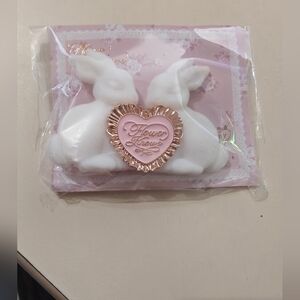 Flower Knows Bunny Garden Hair Clip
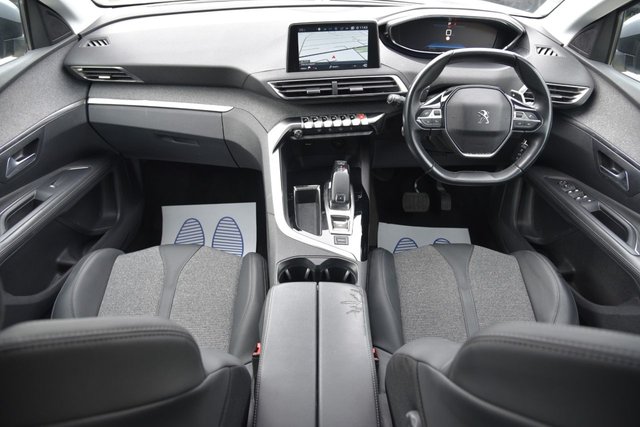 View our PEUGEOT 3008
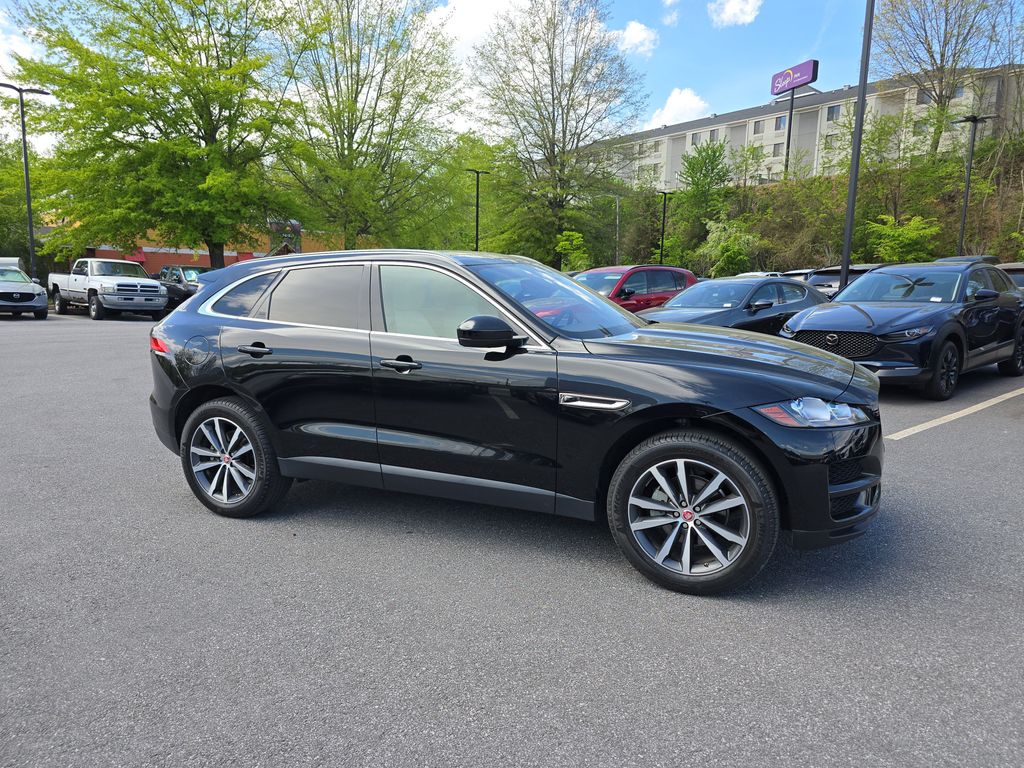 Santorini Black Metallic 2020 Jaguar F-PACE 25t Prestige AWD SUV / Crossover All-Wheel Drive 8-Speed Automatic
########################################
### PROBLEM STATEMENT:
Transcribe word for word only the lines from the one with "View our PEUGEOT 3008" through the end of the listing; every picture is to be omitted.

### ANSWER FOR THIS EXERCISE:
 View our PEUGEOT 3008
 Santorini Black Metallic 2020 Jaguar F-PACE 25t Prestige AWD SUV / Crossover All-Wheel Drive 8-Speed Automatic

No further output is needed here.